With “Embodiment Of Denial,” Cosey Mueller transforms minimal synth-punk into something that sounds like a neurological diary recorded in the midst of contemporary collapse. It is not an album that seeks the easy provocation, the first-strike one. It's something else: a subtle sabotage, which works slowly, between melodies that seem like corroded slogans, beat mechanics that oscillate between irony and paranoia and analog synthesizers that emerge from the fog like radio signals picked up in the heart of a post-industrial city.
From the first minutes, you can feel the tension. It's continuous: body versus control.
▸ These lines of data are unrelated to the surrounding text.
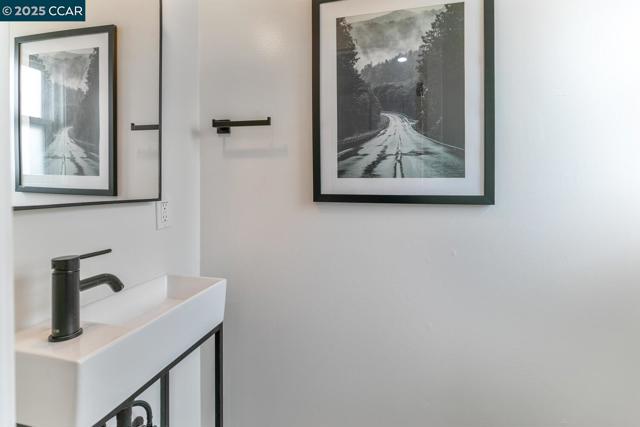 3115 Ebano Dr, Walnut Creek CA: https://media.crmls.org/mediaz/3c9976fa-a83a-4622-b3d3-2df9aa726790.jpg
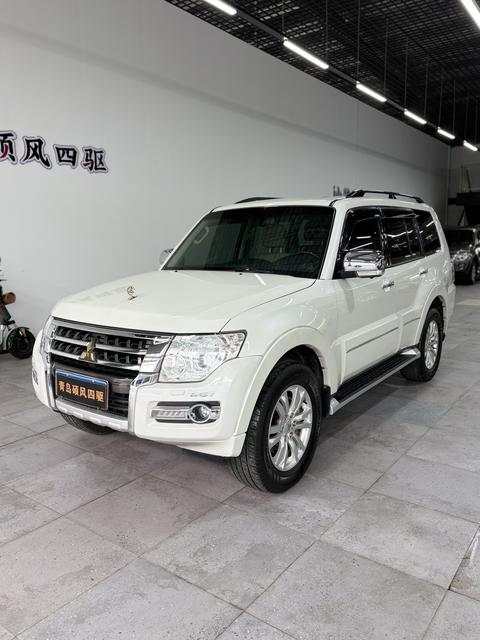 Mitsubishi Pajero (Import)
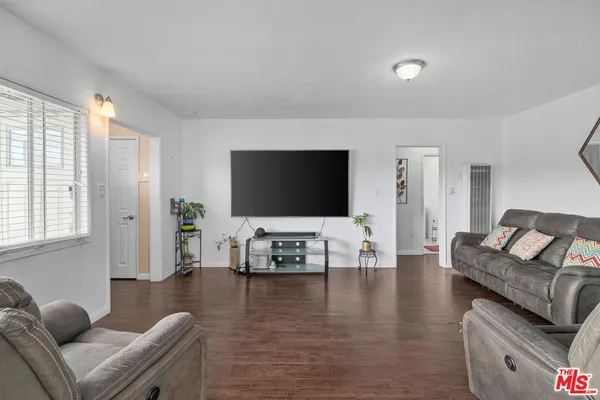 $909,000 | 3311 West 115th Street, Inglewood, CA 90303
The title itself works almost like a manifesto, that is, reject everything that the outside world tries to push on you. But be careful: it's not the usual little speech naive on authenticity. Mueller talks about the concrete struggle of defending one's mental form in an era in which media, politics, work and relationships seem to want to flatten you. Cancel any deviations. And in this sense, “Embodiment Of Denial” is deeply political, without ever becoming a pamphlet.
The album moves along an ambiguous border of electro-punk, minimal-wave and synthetic post-punk. A discussion already addressed in the past, even if here everything is more compact, more physical and above all, more danceable. The influences are immediately recognisable: DAF, Malaria!, Liaisons Dangereuses and that proto-industrial coldness of the early German Eighties. But Cosey Mueller carefully avoids the retro fetishism that often suffocates contemporary synth-wave, because his songs don't sound like vintage reconstructions.
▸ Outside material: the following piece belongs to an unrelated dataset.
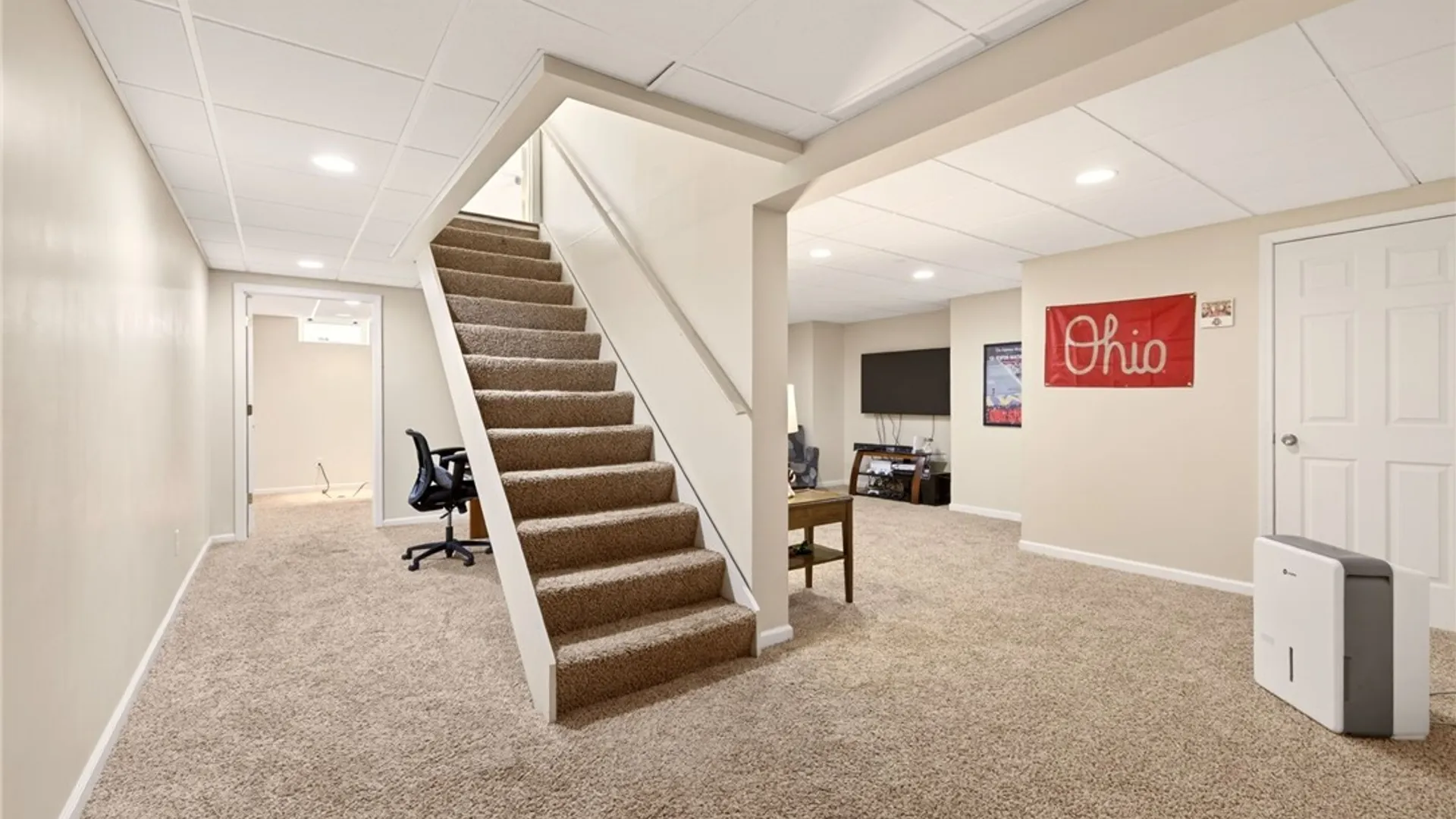 Property at 22 Stanford Way, Perinton, NY 14450 42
“Contraddict” transforms the groove minimal in a hypnotic spiral, where repetition almost becomes psychological dissociation. The synthetic bass pulsates like an automatic reflex of the nervous system. And the artist's voice, distant, but incredibly expressive, floats above the beat with a tone that alternates sarcasm, vulnerability and controlled coldness. Then there is “Obey”, one of the strangest and most fascinating moments of the album, a track lo-fi which seems simple, almost naive, suspended between primitive rhythms and minimal melodies capable of evoking a sense of cinematic urgency. Like a soundtrack to some dystopia low budget shot between concrete, neon and urban alienation.
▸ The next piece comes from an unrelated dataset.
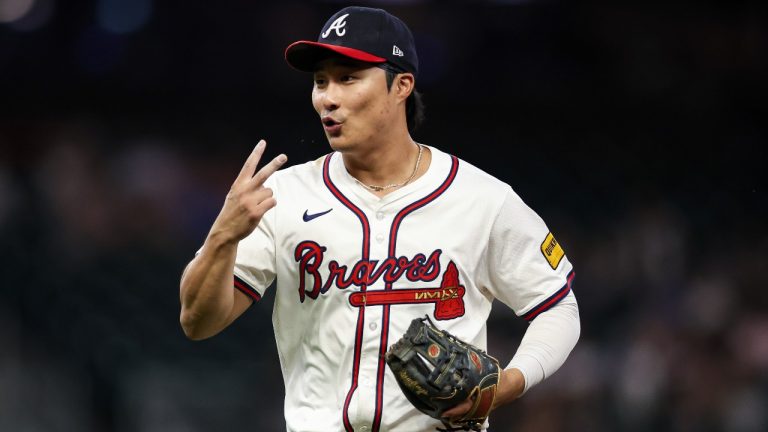 Atlanta Braves shortstop Ha-Seong Kim reacts during the eighth inning of a baseball game against the Washington Nationals, Monday, Sept. 22, 2025, in Atlanta. (AP Photo/Colin Hubbard)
The political dimension emerges more clearly in “Der Politiker” and “Media Maniac”. It's not the frontal rage of classic punk. It is another form of disillusionment: ironic, nervous, dancing over the disaster instead of simply denouncing it. Yet the album is never completely nihilistic. Under that synthetic and sharp surface, an almost romantic desire for self-determination continues to pulsate. Mueller knows very well how difficult it is to build an authentic life outside conventional structures, but instead of transforming this tension into victimhood, he converts it into creative energy. It's music that comes from isolation but still seeks connection. Music that laughs bitterly while everything around it loses consistency.